I harvested the stone by hand from the farm or place listed in the title. This is my favorite part of the process, an opportunity to meet farmers, and share artifacts from land that grows rocks.
My work therefore celebrates the overlooked, the in-the-way, and the hidden. Wherever this sculpture goes next, may its spirit of triumph over obscurity, live on in its next home, and for generations to come.

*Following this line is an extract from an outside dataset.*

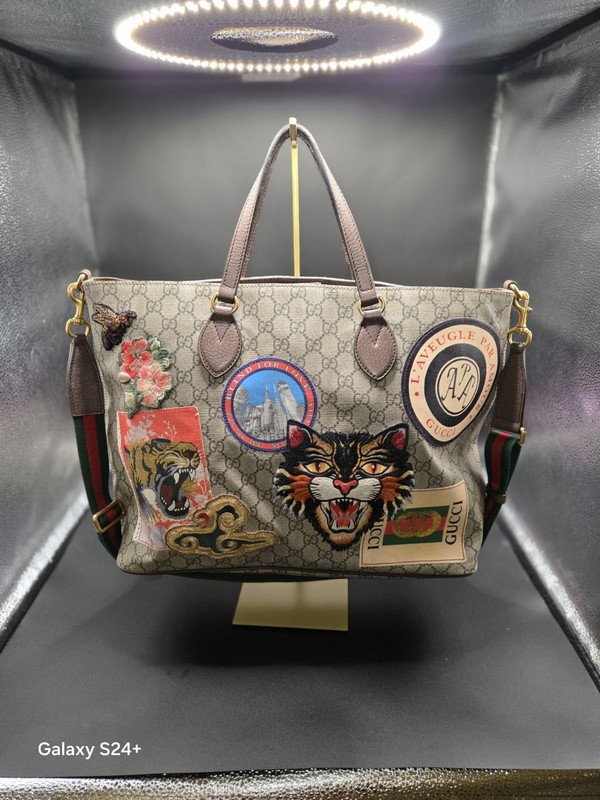 Authentic Gucci Courrier GG Supreme Soft Tote Tiger Bee Applique Web Strap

Back at the studio, in Lowell, Massachusetts, I sawed two cross sections, perfectly parallel, in sequence, from an irregular three dimensional stone. After that, I carefully ground into the newly created disc to create a highly polished and non-absorbent finish with a gentle sloped edge to hold liquids. That requires 11 stages of wet diamond grinding with a hand tool, and ultimately leaves the stone permanently colorful. Next, I let the stone dry for one day, and came back the next, to mark its sourcing origin story, and apply a food safe resin and chemical to the top surface and sides. This penetrates any microscopic pores, making it virtually stain proof, and then stamp the Registered Trademark of my studio, and maker's signature, onto the underside with permanent ink. This ink will not run upon washing with soap and water. After this label, I affix silicone bumpers with two types of glue to ensure that they will stay attach and will withstand temperatures up to 125° and are safe to freeze.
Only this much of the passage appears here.